<<<<

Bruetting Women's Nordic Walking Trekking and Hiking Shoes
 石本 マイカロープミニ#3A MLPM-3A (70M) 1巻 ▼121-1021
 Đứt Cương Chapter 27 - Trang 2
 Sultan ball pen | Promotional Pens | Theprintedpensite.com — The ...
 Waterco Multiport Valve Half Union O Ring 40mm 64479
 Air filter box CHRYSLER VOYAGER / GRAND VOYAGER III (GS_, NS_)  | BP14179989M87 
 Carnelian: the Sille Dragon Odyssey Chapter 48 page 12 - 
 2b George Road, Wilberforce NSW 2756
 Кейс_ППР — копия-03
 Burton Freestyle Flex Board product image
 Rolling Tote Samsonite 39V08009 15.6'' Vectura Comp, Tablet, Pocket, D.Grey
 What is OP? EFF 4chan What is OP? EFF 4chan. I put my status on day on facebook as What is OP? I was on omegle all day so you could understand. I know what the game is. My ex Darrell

>>>>

Each line of the entries above that contains "Chapter" must be copied into the answer.

● SOLUTION FOR THIS TASK:
 Đứt Cương Chapter 27 - Trang 2
 Carnelian: the Sille Dragon Odyssey Chapter 48 page 12 - 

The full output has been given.